DIRECTIONS => Give back the whole listing word for word and skip each picture.

DATA SECTION section start

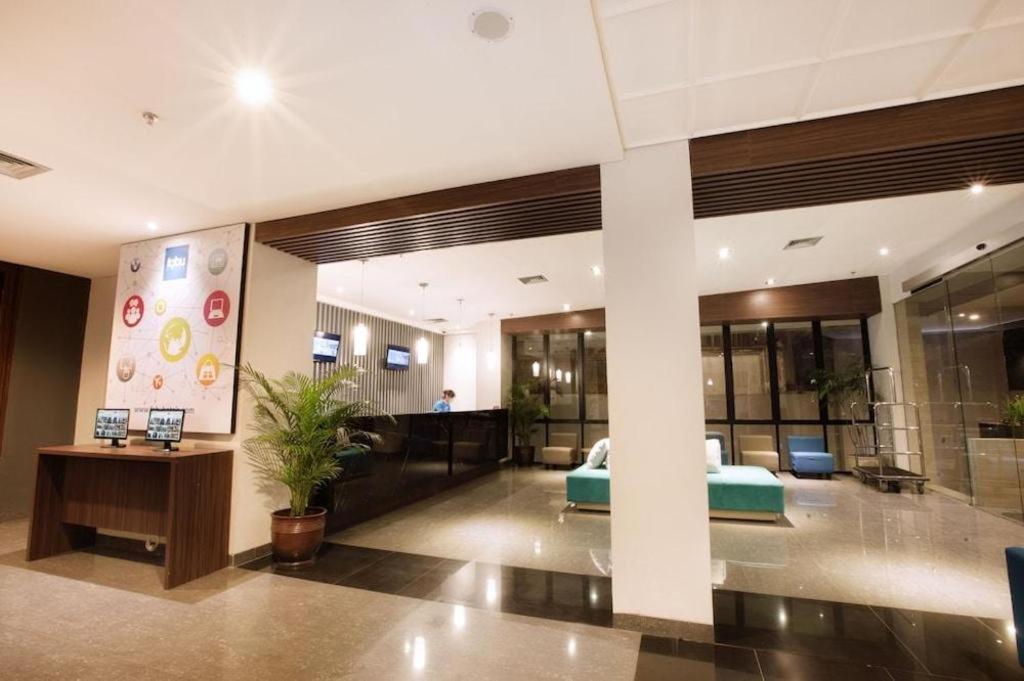 Indies Hotel Bandung Buitenkant foto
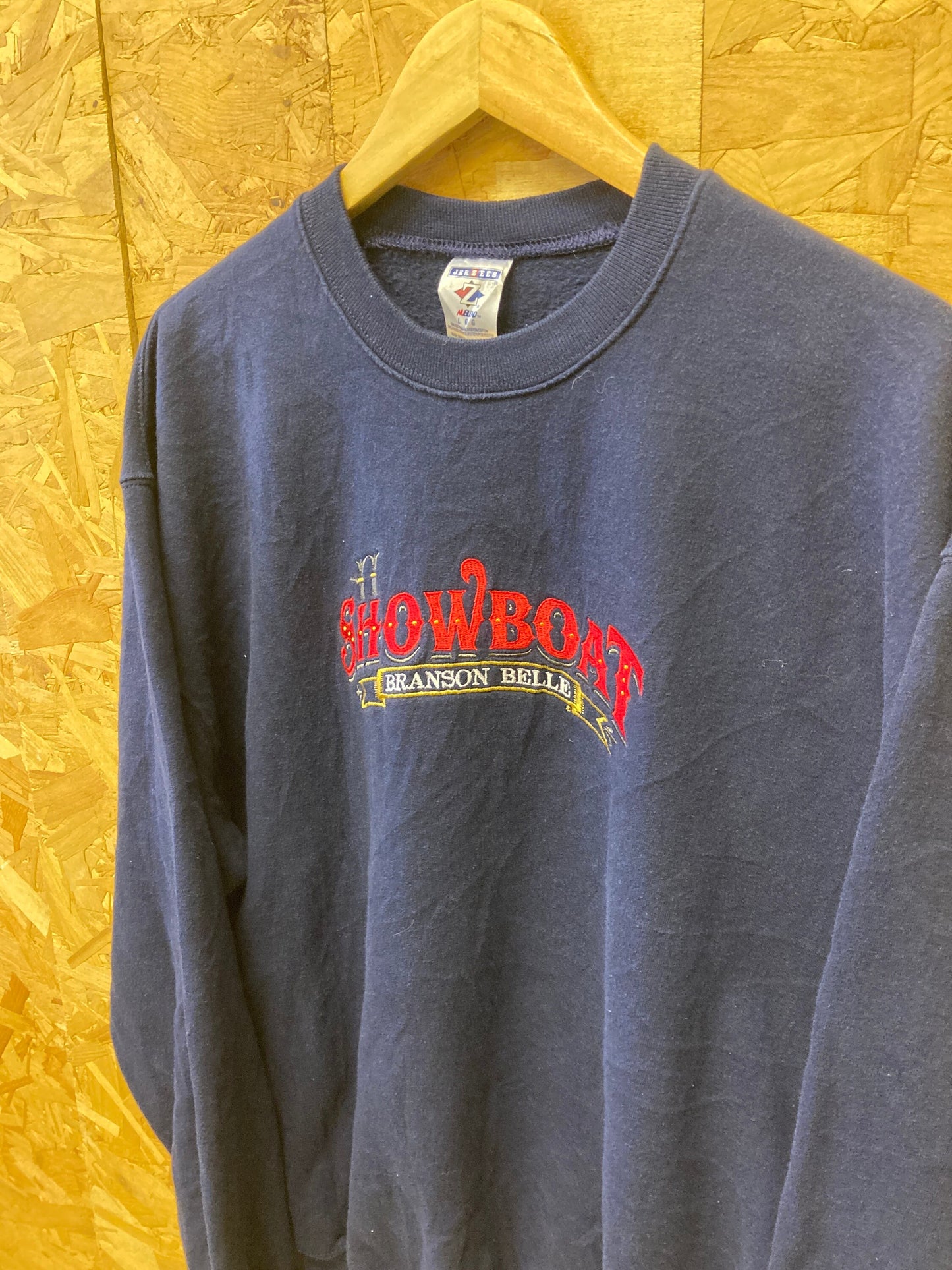 Vintage 90s navy blue Showboat embroidered USA souvenir crew neck sweater size large by jerzees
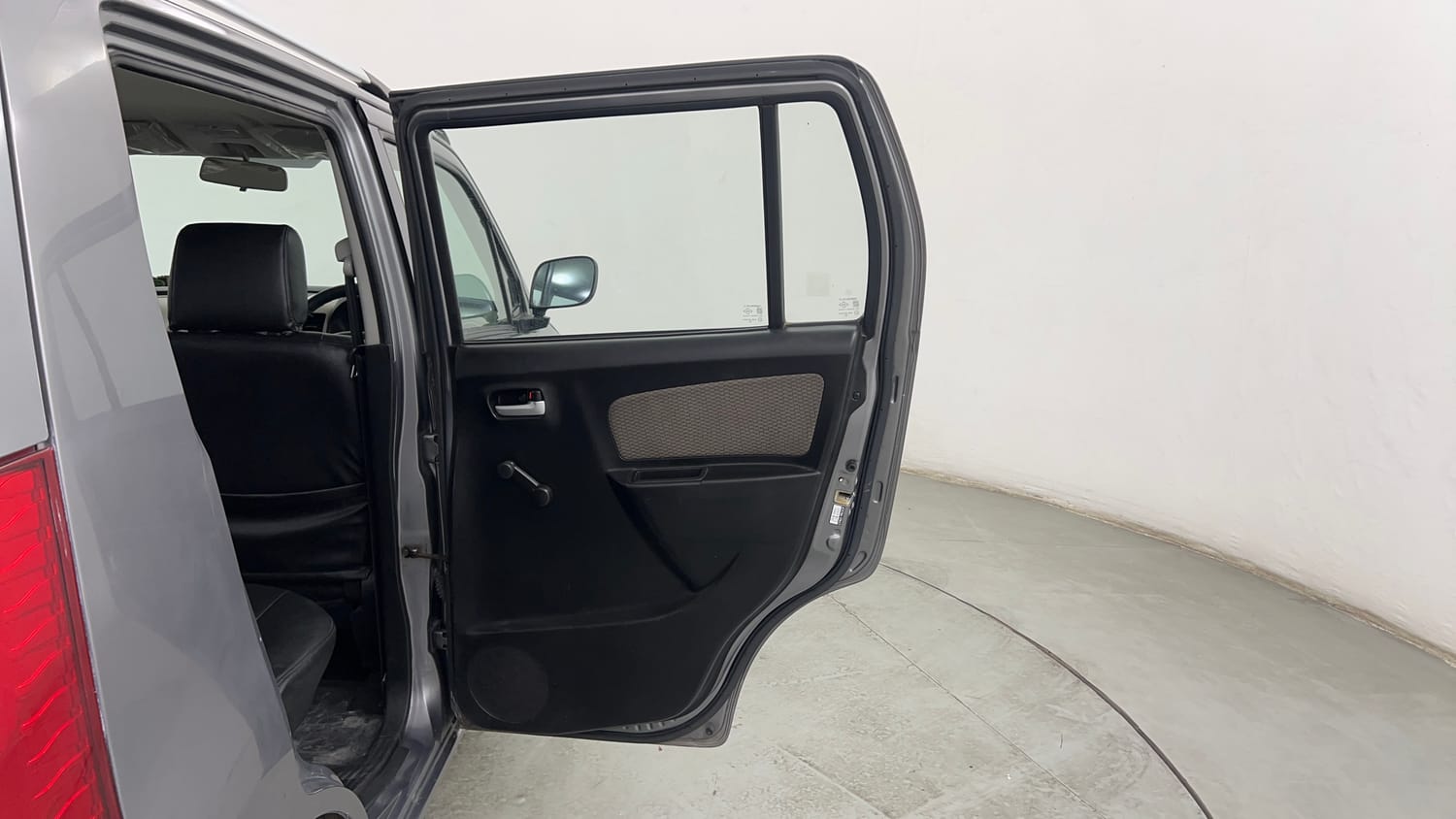 Used 2014 Maruti Suzuki Wagon R LXI CNG Cng Manual interior RIGHT REAR DOOR OPEN VIEW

DATA SECTION section end

ANSWER TO THE PROBLEM =>
 Indies Hotel Bandung Buitenkant foto
 Vintage 90s navy blue Showboat embroidered USA souvenir crew neck sweater size large by jerzees
 Used 2014 Maruti Suzuki Wagon R LXI CNG Cng Manual interior RIGHT REAR DOOR OPEN VIEW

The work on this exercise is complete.